___ SOURCE MATERIAL ___

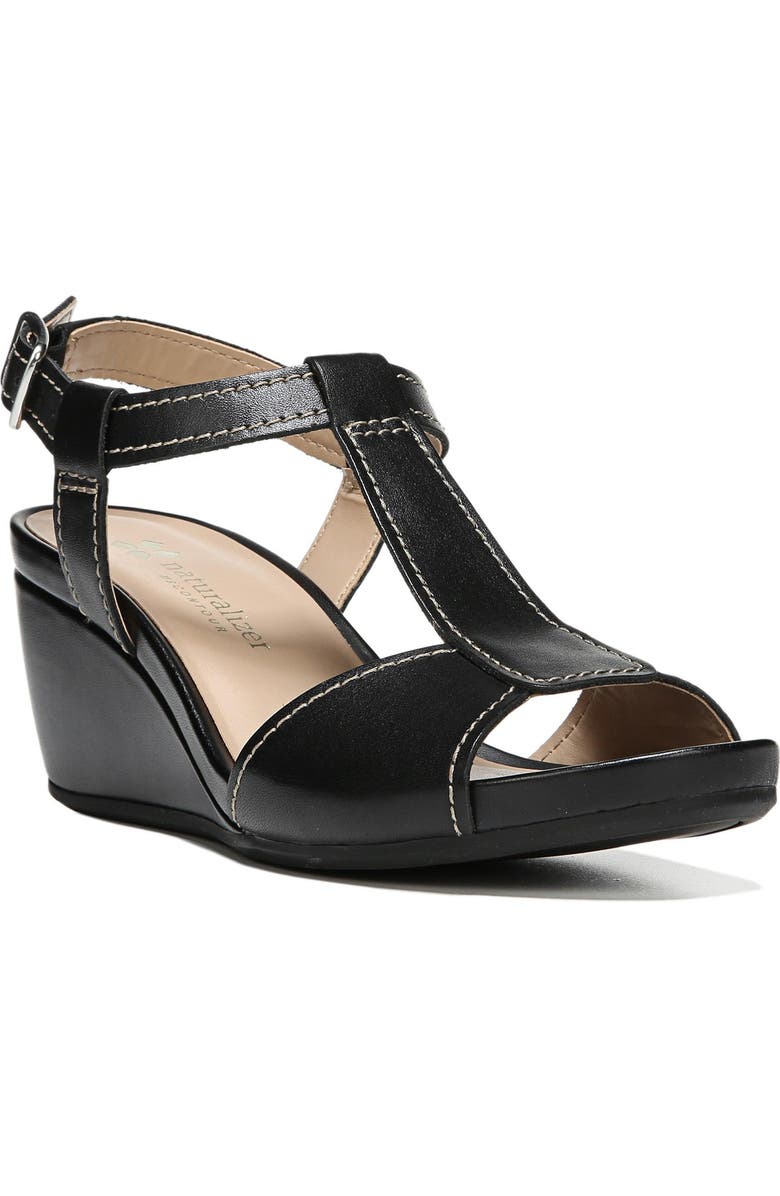Naturalizer Camilla Wedge Sandal, Main, color,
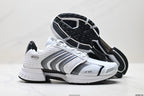 Adidas K81801550 Men's Running Shoes #2 - White/Black - image 14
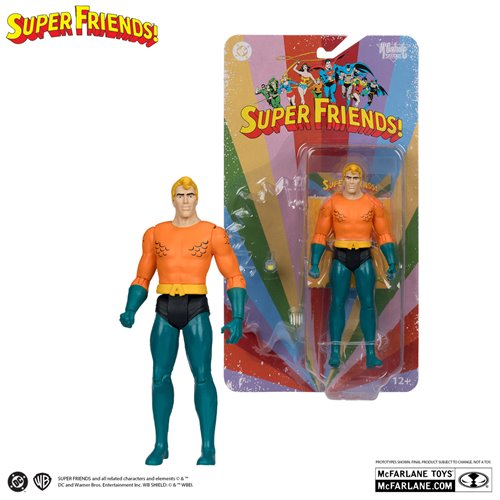 DC Retro Wave 14 Revision 2 Super Friends 6-Inch Scale Action Figure Case of 3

___

### THE PROBLEM
Write out the material above precisely, leaving each picture behind.

### RESPONSE AREA
Naturalizer Camilla Wedge Sandal, Main, color,
 Adidas K81801550 Men's Running Shoes #2 - White/Black - image 14
 DC Retro Wave 14 Revision 2 Super Friends 6-Inch Scale Action Figure Case of 3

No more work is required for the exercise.